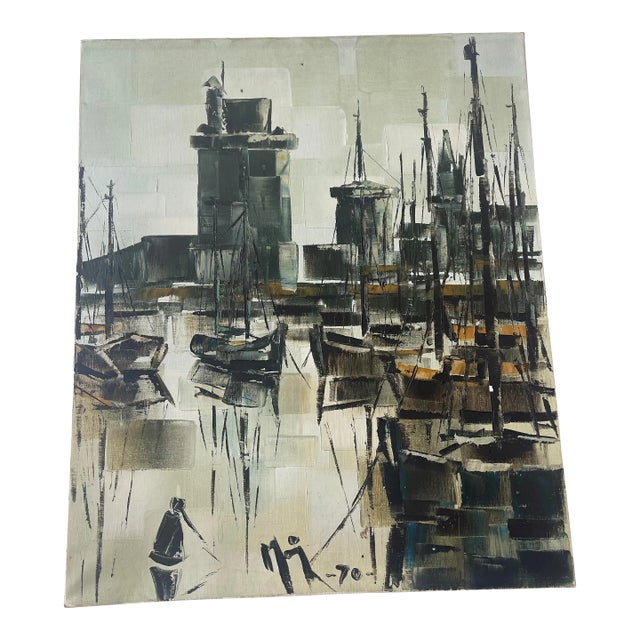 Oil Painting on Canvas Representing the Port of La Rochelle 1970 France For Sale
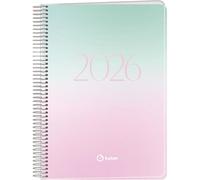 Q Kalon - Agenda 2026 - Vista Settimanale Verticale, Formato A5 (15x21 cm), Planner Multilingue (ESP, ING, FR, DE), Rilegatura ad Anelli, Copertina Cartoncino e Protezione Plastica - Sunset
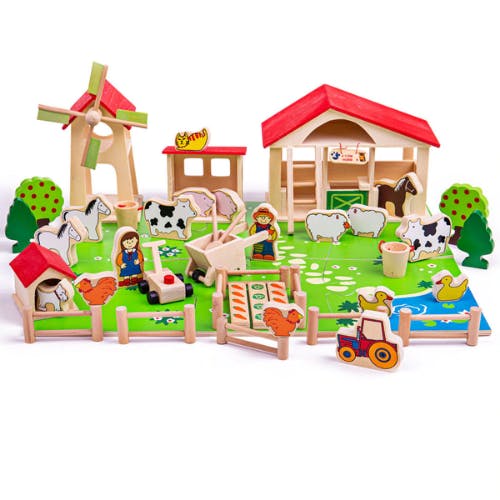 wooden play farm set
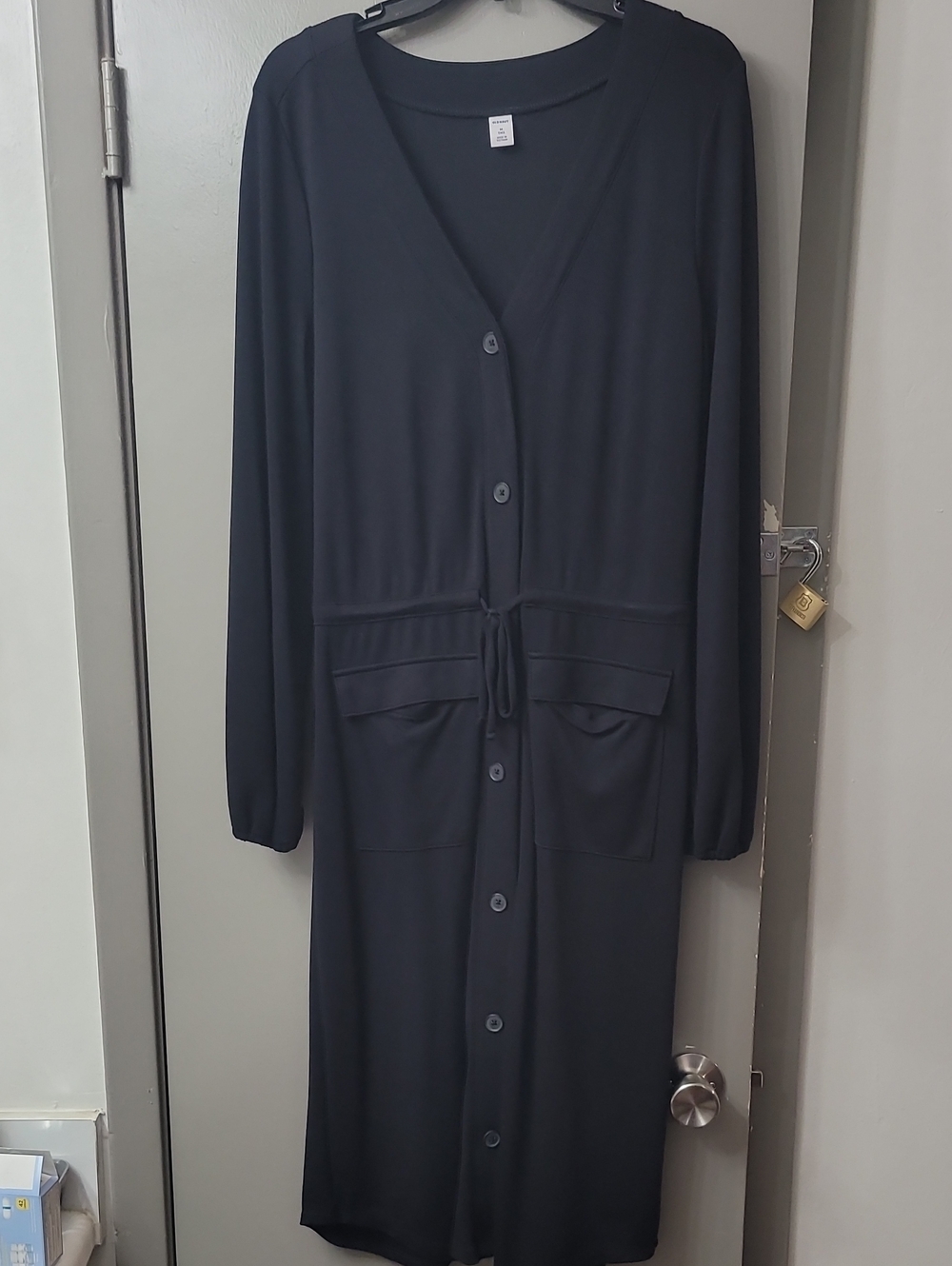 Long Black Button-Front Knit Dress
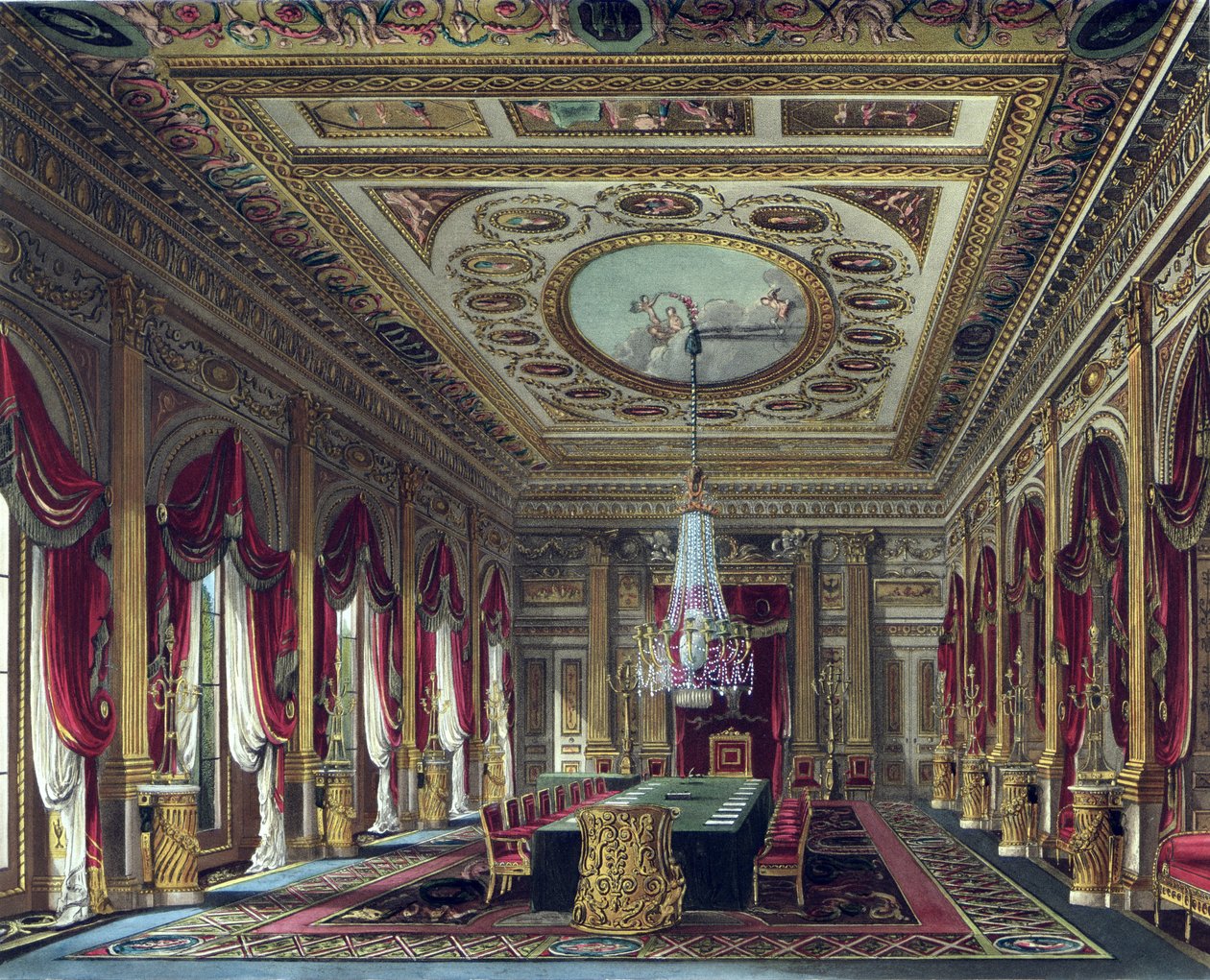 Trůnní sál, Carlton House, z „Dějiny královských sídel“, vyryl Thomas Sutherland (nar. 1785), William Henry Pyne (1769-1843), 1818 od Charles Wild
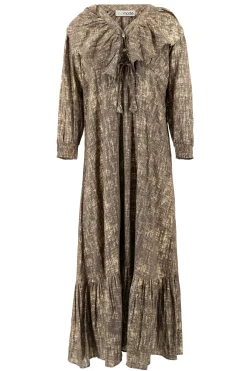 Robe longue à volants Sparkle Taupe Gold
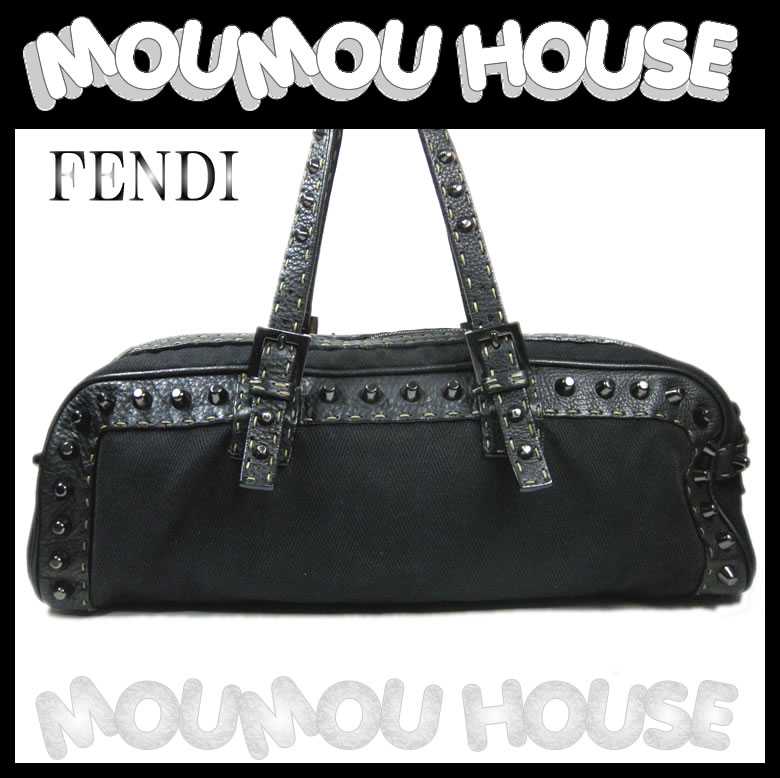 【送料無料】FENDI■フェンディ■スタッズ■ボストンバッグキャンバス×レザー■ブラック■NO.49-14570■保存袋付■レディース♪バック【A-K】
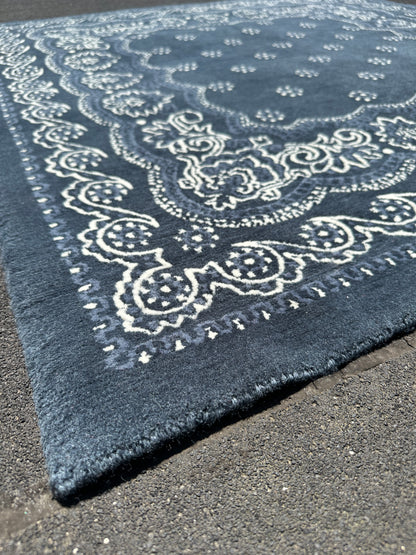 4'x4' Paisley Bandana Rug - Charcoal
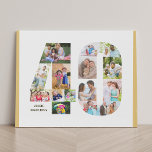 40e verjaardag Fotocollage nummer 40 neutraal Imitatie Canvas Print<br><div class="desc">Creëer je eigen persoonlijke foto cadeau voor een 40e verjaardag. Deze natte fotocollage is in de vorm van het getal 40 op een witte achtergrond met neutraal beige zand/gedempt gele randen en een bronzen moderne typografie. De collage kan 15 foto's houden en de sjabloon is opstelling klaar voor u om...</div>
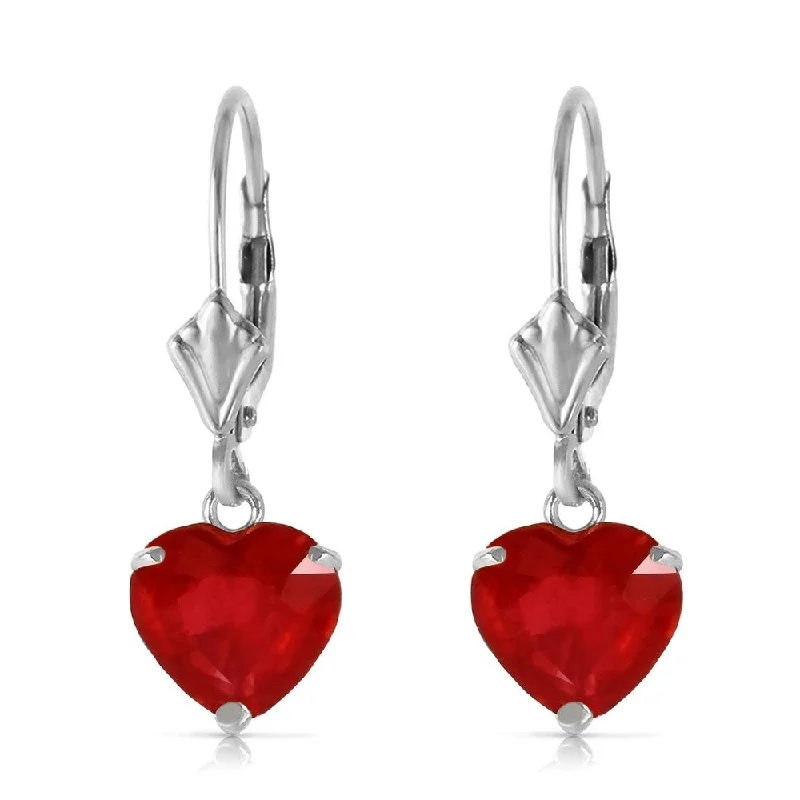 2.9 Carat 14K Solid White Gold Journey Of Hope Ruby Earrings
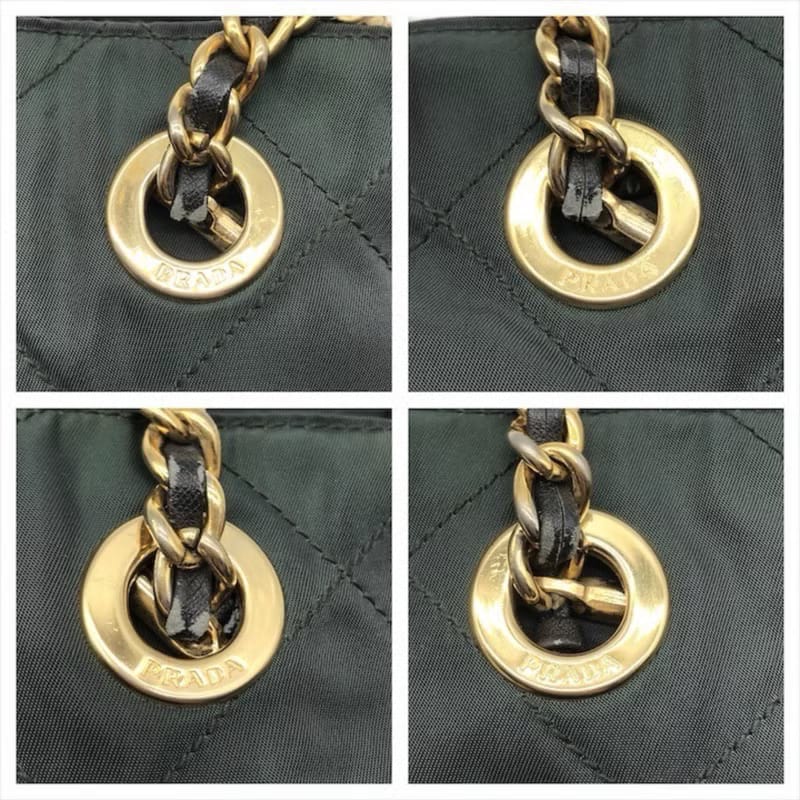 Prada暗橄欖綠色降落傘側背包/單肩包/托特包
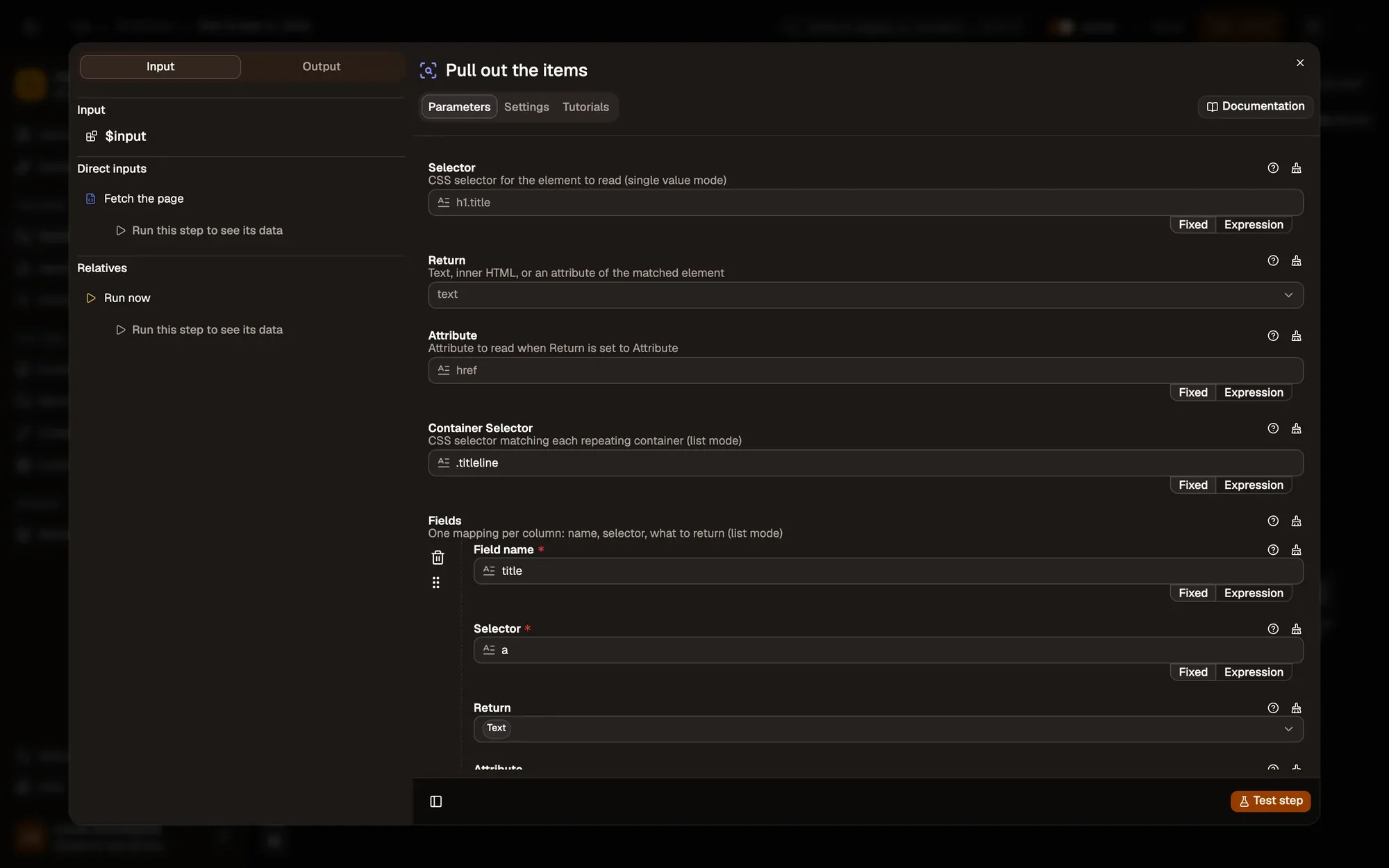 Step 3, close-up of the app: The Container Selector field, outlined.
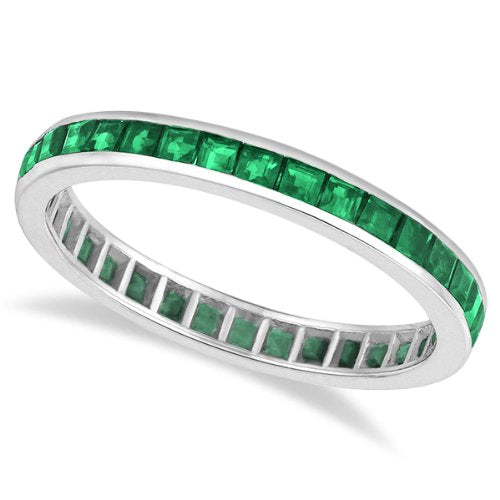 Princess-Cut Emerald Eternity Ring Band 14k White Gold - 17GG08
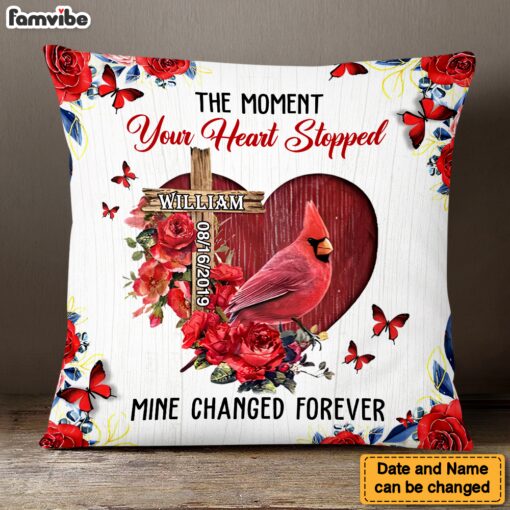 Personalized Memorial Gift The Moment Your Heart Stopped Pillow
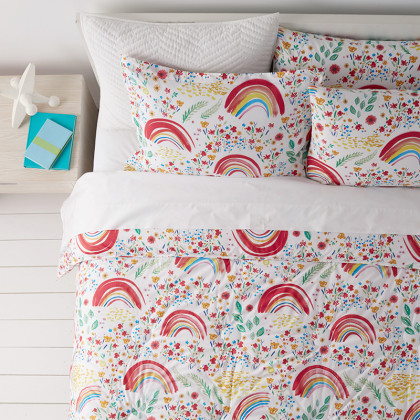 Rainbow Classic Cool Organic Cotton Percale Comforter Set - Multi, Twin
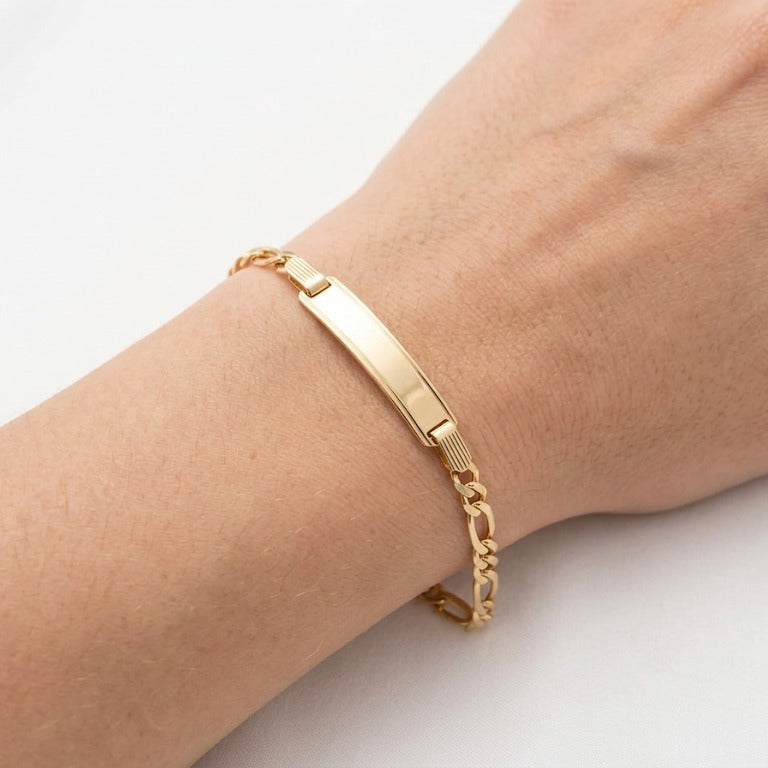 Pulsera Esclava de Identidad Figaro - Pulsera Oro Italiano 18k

[Required work]
I need the lines from the one holding "Long Black Button-Front Knit Dress" through the last line of the entries set down exactly, with every picture left out.

[Solution]
 Long Black Button-Front Knit Dress
 Trůnní sál, Carlton House, z „Dějiny královských sídel“, vyryl Thomas Sutherland (nar. 1785), William Henry Pyne (1769-1843), 1818 od Charles Wild
 Robe longue à volants Sparkle Taupe Gold
 【送料無料】FENDI■フェンディ■スタッズ■ボストンバッグキャンバス×レザー■ブラック■NO.49-14570■保存袋付■レディース♪バック【A-K】
 4'x4' Paisley Bandana Rug - Charcoal
 40e verjaardag Fotocollage nummer 40 neutraal Imitatie Canvas Print<br><div class="desc">Creëer je eigen persoonlijke foto cadeau voor een 40e verjaardag. Deze natte fotocollage is in de vorm van het getal 40 op een witte achtergrond met neutraal beige zand/gedempt gele randen en een bronzen moderne typografie. De collage kan 15 foto's houden en de sjabloon is opstelling klaar voor u om...</div>
 2.9 Carat 14K Solid White Gold Journey Of Hope Ruby Earrings
 Prada暗橄欖綠色降落傘側背包/單肩包/托特包
 Step 3, close-up of the app: The Container Selector field, outlined.
 Princess-Cut Emerald Eternity Ring Band 14k White Gold - 17GG08
 Personalized Memorial Gift The Moment Your Heart Stopped Pillow
 Rainbow Classic Cool Organic Cotton Percale Comforter Set - Multi, Twin
 Pulsera Esclava de Identidad Figaro - Pulsera Oro Italiano 18k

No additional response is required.